I did some reading, and while reading about “high-functioning alcoholics” saw my own life plastered on the pages as if I was the one interviewed for every single article. It was then I knew that if I didn’t make some serious changes, it wouldn’t be long before I went from high-functioning to non-functioning.
But how could I be a writer if I didn’t drink? That’s what writers do, don’t they? And I realized that in my case, when I drank, I didn’t write.
When I stopped anestesizing with alcohol, I felt like a baby fresh from the womb, my skin and senses raw, every life event feeling like a physical assault. The harsh reality of living life on life’s terms, without my senses numbed, was at times intolerable. It was like having dental work done without Novocaine. And it wasn’t the not drinking that became hard, but the living without drinking. Living without my necessary medication.
I had heard about the whole Higher Power requirement if I was to be successful, but my faith had always been an important part of my life and it hadn’t helped thus far. These people obviously didn’t know what they were talking about.
Or so I thought.
I came to realize that as much as my faith had always meant to me, I had always tried to control God, and I began to realize how small my faith actually was. I claimed to have faith but neglected to act in faith. I allowed God into my life and heart, but let Him know in no uncertain terms that while He could be part of my life, I could handle my life by myself. Afterall, I had done a stellar job of it up to that point.
And that’s when I learned what the word surrender means. And what it does. Luke 22:42 says, “Father, if you are willing, take this cup from me; yet not my will, but yours be done.” That, to me, is true surrender, and has saved my bacon more times than I can count. Surrendering my will to God on a daily basis, usually numerous times a day, is what keeps me on the playing board in this game of Life.
Since I’ve been sober, I see life and truly experience it.
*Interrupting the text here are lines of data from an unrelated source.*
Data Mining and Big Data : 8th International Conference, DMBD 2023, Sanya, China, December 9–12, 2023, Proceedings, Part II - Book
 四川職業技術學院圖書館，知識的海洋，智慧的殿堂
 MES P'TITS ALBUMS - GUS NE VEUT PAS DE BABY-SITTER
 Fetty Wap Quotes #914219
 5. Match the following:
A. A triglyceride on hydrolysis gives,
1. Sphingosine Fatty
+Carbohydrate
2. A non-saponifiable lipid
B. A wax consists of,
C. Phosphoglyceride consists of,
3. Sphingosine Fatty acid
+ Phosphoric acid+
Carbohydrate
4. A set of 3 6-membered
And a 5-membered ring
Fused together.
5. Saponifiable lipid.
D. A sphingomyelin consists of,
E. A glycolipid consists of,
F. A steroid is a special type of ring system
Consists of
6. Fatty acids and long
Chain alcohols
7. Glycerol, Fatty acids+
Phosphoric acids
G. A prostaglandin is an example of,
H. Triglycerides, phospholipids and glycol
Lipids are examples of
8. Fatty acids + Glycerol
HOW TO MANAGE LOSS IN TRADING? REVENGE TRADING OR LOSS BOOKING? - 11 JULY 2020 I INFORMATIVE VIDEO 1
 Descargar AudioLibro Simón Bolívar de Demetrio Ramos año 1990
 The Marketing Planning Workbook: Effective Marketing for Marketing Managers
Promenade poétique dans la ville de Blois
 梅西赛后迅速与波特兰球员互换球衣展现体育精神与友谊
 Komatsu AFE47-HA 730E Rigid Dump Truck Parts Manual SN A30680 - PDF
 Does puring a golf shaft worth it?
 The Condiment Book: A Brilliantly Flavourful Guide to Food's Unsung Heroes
I get to truly live every day, one day at a time, and thoroughly enjoy and experience every joy and even every sorrow. I feel pain, yes, but I’m the better for it. I experience peace as I’ve never known. And for the first time, I can look in the mirror and see someone who has overcome an insurmountable obstacle.
I wouldn’t trade those years for anything in the world, though. It’s those years, those agonizing moments of self-doubt, self-loathing, and pain that have given me this amazing life I have today. Once I began to accept responsibility for my actions and stopped blaming others, allowing their behaviors to be excuses for my poor choices, my relationships began to grow beyond anything I could have ever hoped for. That isn’t to say there are no more struggles. Sometimes life just genuinely sucks. But now God is my best friend, carrying me through, rather than alcohol sucking me under. And when I do or say something that hurts another, I know to make amends (my sobriety depends on it) helping the relationship with that person and with my God grow stronger, losing the guilt and inevitable resentment that brings nothing but loss of hope. Surrendering all brings full-on hope and brilliant peace showers down on me like a meteor shower.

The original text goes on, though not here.